RDZ, integrated into an LCD display, works through a synchronized switching of the display between left-eye and right-eye views. The companies argue that it's better than "patterned retarder" 3D technology, which devotes half a screen's pixels to each eye by masking alternating lines. That approach works with passive 3D glasses, which typically separate the right-eye and left-eye views with polarized light, but it reduces resolution or brightness.

RDZ will work with current RealD glasses at full brightness and HD resolution and also work with 2D viewing, said Bob Mayson, president of RealD's consumer electronics business.

Today's dominant companies sell 3D TVs that use active-shutter glasses, which require batteries to power technology that alternately blanks the left-eye and right-eye views in sync with the TV. But passive TVs are coming, and indeed Vizio's 65-inch passive 3D TV is now on sale for a list price of $3,700.
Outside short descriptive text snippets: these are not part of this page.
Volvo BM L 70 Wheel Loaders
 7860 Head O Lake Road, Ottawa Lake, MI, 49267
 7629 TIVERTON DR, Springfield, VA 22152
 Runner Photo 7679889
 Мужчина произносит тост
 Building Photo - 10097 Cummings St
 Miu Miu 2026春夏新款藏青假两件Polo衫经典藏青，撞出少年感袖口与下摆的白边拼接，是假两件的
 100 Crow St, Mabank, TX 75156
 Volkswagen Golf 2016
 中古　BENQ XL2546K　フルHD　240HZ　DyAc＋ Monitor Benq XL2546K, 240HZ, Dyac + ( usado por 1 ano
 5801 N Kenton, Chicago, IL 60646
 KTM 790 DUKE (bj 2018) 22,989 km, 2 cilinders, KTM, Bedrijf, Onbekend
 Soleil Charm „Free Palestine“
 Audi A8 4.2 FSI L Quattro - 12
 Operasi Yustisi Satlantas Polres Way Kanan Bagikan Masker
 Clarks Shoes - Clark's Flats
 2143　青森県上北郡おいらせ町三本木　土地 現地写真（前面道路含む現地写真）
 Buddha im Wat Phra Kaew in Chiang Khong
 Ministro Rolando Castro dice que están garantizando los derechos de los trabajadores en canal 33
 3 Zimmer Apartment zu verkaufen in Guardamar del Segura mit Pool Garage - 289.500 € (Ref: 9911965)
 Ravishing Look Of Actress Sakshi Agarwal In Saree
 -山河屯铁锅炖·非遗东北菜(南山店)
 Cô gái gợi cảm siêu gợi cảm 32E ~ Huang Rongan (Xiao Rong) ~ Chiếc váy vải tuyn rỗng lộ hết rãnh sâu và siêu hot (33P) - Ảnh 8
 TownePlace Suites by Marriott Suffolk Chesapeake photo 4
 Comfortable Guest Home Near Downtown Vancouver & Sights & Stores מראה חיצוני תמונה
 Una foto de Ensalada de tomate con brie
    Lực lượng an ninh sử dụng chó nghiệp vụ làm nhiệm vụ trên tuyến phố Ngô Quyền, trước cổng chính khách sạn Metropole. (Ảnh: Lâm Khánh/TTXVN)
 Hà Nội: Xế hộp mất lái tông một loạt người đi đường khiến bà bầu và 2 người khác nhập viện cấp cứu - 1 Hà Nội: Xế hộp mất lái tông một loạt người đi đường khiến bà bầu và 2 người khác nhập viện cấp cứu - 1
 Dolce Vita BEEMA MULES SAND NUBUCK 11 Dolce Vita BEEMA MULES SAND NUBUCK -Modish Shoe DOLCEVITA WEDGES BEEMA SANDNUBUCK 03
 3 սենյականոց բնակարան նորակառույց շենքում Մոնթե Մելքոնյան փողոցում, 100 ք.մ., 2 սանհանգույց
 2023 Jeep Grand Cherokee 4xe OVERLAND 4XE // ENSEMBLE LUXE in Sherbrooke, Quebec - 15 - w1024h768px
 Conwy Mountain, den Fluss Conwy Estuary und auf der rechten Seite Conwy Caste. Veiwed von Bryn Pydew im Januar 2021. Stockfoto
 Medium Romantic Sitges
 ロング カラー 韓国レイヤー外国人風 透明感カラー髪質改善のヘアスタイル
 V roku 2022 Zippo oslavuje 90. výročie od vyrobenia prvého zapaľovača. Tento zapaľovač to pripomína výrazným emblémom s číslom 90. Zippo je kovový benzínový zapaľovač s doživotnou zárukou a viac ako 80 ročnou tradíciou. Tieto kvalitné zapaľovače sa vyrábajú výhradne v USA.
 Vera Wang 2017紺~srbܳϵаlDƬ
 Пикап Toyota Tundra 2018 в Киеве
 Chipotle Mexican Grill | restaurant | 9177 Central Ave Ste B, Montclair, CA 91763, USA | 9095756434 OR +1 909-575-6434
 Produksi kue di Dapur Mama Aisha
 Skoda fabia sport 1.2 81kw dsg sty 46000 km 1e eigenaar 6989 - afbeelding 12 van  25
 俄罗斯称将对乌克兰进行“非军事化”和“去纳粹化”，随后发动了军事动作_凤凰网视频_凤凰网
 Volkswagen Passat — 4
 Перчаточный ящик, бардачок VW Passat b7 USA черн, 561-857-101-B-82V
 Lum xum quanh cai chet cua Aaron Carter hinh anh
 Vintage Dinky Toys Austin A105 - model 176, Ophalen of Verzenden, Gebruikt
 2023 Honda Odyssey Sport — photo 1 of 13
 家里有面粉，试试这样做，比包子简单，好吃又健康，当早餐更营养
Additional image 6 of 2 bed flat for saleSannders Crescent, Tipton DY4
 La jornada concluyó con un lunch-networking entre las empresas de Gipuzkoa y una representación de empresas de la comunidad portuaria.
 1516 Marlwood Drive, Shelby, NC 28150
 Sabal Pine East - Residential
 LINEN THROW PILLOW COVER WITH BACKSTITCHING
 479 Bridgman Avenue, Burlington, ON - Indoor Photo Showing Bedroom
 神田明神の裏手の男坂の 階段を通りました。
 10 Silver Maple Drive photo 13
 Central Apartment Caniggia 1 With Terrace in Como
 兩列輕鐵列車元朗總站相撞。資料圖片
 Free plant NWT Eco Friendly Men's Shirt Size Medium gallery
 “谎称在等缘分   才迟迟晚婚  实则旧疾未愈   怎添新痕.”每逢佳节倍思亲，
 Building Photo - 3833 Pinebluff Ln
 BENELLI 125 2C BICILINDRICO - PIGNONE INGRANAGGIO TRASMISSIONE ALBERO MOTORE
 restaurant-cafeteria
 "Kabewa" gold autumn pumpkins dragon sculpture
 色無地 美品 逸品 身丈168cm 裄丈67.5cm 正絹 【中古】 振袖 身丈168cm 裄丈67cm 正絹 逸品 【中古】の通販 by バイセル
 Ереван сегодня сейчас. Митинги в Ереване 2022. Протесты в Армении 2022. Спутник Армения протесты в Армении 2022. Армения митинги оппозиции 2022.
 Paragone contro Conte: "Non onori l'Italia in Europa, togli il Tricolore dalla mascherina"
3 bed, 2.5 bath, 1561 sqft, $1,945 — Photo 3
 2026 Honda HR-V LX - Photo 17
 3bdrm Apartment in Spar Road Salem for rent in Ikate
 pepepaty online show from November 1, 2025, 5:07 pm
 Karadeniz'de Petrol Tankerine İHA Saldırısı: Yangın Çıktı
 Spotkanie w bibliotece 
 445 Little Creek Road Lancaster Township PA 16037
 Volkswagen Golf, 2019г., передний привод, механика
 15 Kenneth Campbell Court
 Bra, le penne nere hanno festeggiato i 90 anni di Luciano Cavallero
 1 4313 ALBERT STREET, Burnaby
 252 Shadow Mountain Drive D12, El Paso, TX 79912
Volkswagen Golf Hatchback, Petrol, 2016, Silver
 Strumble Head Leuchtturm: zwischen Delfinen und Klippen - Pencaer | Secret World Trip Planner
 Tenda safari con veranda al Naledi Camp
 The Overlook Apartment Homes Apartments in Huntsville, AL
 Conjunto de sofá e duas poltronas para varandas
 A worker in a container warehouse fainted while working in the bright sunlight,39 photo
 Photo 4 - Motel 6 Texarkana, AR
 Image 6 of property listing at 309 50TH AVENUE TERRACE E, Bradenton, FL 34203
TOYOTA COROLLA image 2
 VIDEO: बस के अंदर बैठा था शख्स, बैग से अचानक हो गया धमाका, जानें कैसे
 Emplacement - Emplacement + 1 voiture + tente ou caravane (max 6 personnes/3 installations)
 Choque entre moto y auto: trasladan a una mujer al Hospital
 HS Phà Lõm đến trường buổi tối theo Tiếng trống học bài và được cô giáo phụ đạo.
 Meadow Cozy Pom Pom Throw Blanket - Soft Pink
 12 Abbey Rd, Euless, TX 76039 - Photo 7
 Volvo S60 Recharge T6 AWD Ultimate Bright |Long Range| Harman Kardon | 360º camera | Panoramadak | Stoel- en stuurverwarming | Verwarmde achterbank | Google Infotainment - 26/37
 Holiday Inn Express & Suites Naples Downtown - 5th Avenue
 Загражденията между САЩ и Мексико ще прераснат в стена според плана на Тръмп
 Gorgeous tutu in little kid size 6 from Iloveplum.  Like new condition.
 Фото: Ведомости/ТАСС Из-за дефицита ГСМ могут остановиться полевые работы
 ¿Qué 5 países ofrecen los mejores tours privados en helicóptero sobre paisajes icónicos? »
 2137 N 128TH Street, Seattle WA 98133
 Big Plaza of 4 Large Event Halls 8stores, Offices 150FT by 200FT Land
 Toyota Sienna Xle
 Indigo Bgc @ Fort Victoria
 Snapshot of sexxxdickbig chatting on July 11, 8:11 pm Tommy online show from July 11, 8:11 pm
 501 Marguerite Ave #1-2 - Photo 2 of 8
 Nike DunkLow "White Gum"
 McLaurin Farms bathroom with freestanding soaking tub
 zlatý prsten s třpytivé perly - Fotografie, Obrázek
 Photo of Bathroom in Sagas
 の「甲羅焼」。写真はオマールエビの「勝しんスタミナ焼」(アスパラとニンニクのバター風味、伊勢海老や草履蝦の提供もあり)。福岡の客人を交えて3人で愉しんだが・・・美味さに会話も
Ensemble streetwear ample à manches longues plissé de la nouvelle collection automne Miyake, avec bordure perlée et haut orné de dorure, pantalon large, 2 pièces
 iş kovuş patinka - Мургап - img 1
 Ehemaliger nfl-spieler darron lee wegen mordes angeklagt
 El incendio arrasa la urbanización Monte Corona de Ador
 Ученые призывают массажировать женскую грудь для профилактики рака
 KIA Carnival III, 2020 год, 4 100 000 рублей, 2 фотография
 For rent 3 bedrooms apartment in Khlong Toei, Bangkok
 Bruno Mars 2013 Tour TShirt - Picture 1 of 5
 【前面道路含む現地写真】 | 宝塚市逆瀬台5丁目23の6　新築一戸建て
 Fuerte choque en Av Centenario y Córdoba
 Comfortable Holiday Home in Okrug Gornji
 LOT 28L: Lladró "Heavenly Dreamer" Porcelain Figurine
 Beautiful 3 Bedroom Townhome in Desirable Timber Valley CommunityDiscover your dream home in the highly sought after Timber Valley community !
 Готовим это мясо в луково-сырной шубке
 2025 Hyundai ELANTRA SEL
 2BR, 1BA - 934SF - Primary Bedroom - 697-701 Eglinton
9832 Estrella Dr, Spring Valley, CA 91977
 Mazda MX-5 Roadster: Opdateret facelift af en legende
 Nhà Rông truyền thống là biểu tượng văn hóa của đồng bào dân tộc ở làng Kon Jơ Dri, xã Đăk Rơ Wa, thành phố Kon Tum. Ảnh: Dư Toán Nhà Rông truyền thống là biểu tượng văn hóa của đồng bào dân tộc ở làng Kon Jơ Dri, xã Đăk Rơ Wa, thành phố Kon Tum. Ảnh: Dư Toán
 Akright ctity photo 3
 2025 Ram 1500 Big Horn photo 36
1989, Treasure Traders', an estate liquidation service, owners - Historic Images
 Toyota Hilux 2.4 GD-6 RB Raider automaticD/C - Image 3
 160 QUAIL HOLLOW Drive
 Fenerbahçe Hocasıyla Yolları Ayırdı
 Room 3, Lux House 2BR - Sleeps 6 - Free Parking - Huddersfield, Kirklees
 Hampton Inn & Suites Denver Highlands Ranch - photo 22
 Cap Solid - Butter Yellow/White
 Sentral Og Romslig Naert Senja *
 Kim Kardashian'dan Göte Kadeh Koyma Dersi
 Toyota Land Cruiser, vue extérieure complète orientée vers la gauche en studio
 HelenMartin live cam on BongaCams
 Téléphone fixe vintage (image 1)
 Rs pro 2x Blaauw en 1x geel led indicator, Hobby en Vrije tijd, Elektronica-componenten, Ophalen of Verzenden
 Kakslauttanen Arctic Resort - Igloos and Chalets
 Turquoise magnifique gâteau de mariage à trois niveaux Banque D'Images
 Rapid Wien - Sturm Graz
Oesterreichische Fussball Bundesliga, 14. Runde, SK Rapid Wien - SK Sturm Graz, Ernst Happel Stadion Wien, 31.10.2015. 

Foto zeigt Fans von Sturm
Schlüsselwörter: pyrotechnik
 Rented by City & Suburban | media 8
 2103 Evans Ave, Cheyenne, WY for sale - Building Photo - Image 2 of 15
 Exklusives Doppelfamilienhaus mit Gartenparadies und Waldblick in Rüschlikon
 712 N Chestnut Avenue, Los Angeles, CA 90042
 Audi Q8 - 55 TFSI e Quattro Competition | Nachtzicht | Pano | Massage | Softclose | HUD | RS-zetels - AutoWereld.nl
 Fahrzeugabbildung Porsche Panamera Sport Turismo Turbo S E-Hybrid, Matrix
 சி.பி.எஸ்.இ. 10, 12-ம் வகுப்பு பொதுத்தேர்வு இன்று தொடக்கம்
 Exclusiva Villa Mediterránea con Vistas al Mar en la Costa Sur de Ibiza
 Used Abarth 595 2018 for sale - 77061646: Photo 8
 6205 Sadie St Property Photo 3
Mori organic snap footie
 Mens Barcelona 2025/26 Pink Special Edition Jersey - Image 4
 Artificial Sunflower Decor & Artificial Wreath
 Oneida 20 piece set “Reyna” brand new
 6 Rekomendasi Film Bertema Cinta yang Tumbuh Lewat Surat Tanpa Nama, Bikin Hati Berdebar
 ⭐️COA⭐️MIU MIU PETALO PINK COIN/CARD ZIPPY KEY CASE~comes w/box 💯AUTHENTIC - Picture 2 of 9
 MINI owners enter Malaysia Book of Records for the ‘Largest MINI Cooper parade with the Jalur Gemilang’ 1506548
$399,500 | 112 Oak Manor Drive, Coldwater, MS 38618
Added Seonki Kim, master of research and development at Samsung Electronics' LCD business, "LCD-based RDZ 3D displays will offer consumers the choice of eyewear technologies without compromising image quality, which only active sync 3D technology can do."

The companies said they'll demonstrate RDZ at the Consumer Electronics Show this week in Las Vegas, but didn't say when it would arrive in products.

3D has become a major thrust of a consumer electronics industry seeking new revenue now that flat-panel TVs are commonplace. Even though 3D content is starting to arrive, chiefly in the form of video games and movies, 3D is technologically complicated. Different 3D display systems can be incompatible, and the holy grail--3D without any glasses at all--remains visually crude for the most part.

Samsung and RealD announced their 3D partnership a year ago at CES.

Updated 6:29 a.m. PT with further background on passive vs. active shutter technology.